Bisturi alla mano, il dottore incide la carne del malcapitato e comincia ad eviscerarlo, frattaglia dopo frattaglia, scavando in quell’agglomerato di muscoli e tendini alla ricerca di un cuore o di un fegato… e il tutto senza nemmeno il beneficio di un’anestesia!

Anche se gli effetti speciali non fanno gridare al miracolo, le silenziate grida di dolore del giovane e le avide mani guantate che esplorano gli anfratti sottocutanei di quel misero corpo sono sufficienti a cacciare qualche sano brivido di raccapriccio lungo la schiena.

Ad assistere all’agonia di questo agnello sacrificale è stata chiamata la ragazza di cui prima: la meschinetta, tenuta ferma dal suo carceriere, è costretta a guardare ogni istante della terrificante operazione, un po’ come accadeva alla protagonista dell’Opera di Dario Argento.

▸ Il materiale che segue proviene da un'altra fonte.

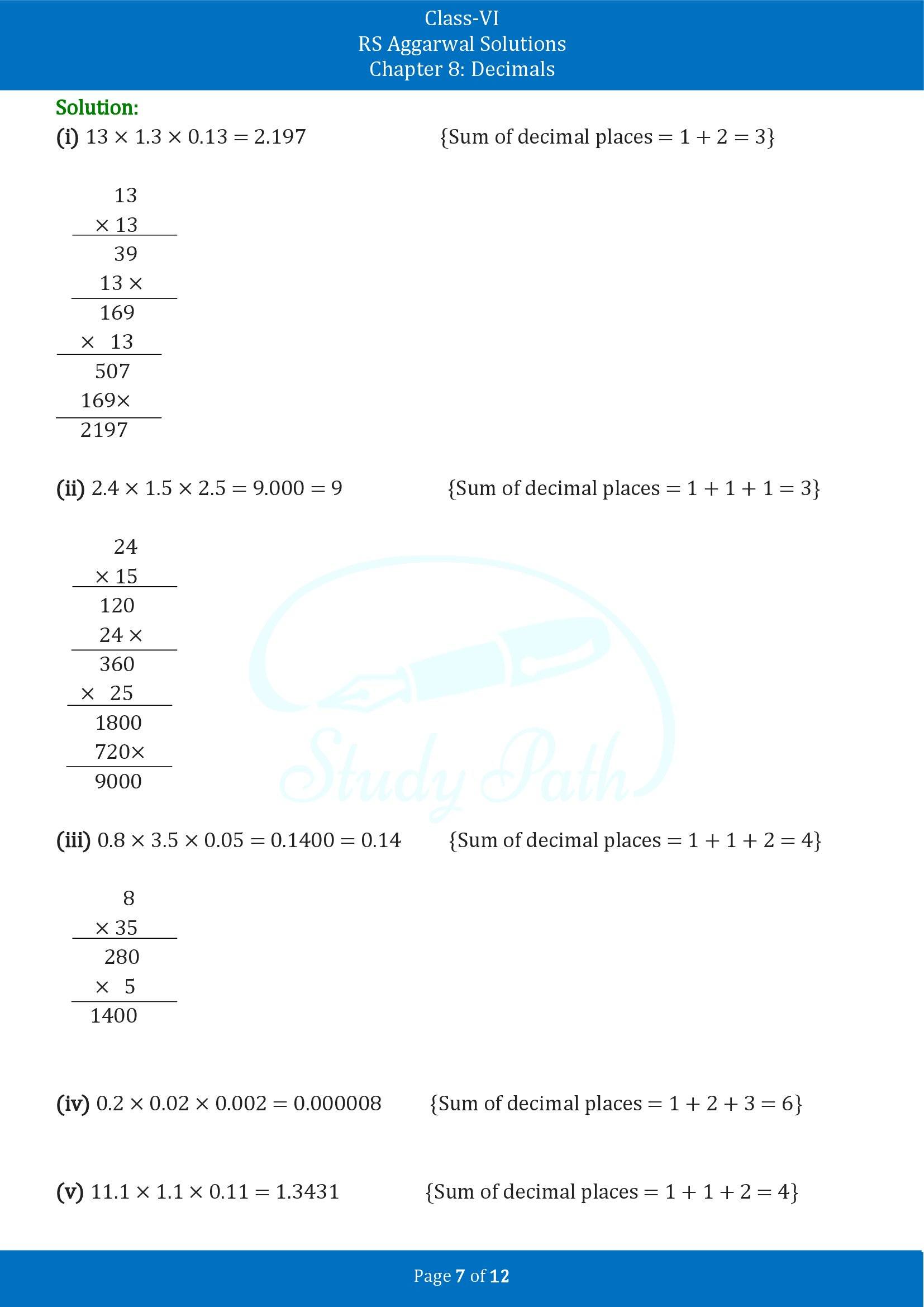 RS Aggarwal Solutions Class 6 Chapter 8 Decimals Exercise 8F 00007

E invece noi, che potremmo distogliere lo sguardo in qualunque momento, rimaniamo fermi a osservare la scena, ludicamente disgustati e colpevolmente esaltati da questo moderno show di grand guignol.

Morbosa curiosità? Catartica cura per un po’ di sadismo latente? Forse. Ma in fondo, non è proprio per questo che ci piacciono i film horror?

CANNIBAL CORPSE. DAVID BRODSKY. 2021.